The Corner

Auden At The Crucifixion

The poet W.H. Auden, who became a

Christian, once speculated on how he might have reacted had he witnessed the

Crucifixion:

Just as we were all, potentially, in Adam when he fell, so we were all,

potentially, in Jerusalem on that first Good Friday before there was an

Easter, a Pentecost, a Christian, or a Church. It seems to me worthwhile

asking ourselves who we should have been and what we should have been doing.

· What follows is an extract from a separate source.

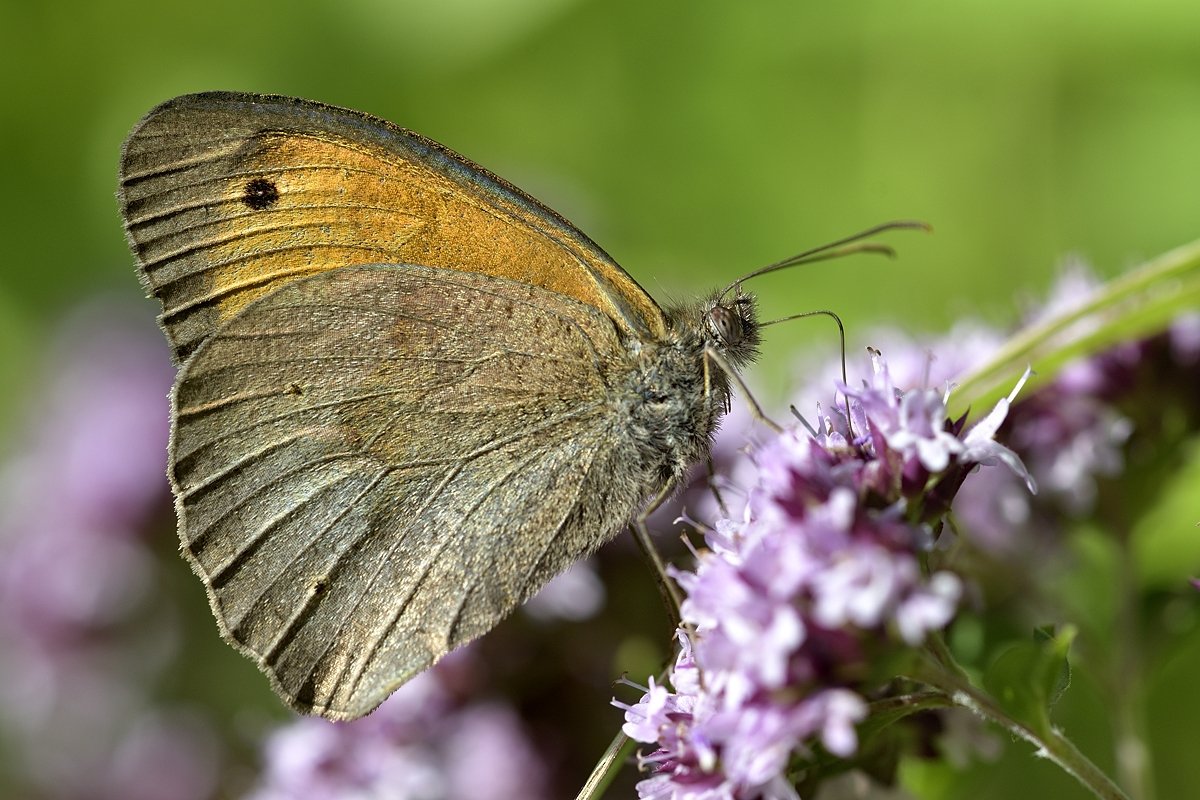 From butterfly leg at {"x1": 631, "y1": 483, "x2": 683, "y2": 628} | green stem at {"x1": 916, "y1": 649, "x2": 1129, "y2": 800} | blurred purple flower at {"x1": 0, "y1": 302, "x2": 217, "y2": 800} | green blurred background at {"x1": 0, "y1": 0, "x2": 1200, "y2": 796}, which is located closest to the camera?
green stem at {"x1": 916, "y1": 649, "x2": 1129, "y2": 800}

None of us, I’m certain, will imagine himself as one of the Disciples,

cowering in agony of spiritual despair and physical terror. Very few of us

are big wheels enough to see ourselves as Pilate, or good churchmen enough

to see ourselves as a member of the Sanhedrin. In my most optimistic mood I

see myself as a Hellenized Jew from Alexandria visiting an intellectual

friend. We are walking along, engaged in philosophical argument. Our path

takes us past the base of Golgotha. Looking up, we see an all too familiar

sight-three crosses surrounded by a jeering crowd. Frowning with prim

distaste, I say, ‘It’s disgusting the way the mob enjoy such things. Why

can’t the authorities execute criminals humanely and in private by giving

them hemlock to drink, as they did with Socrates?’ Then, averting my eyes

from the disagreeable spectacle, I resume our fascinating discussion about

the nature of the True, the Good, and the Beautiful.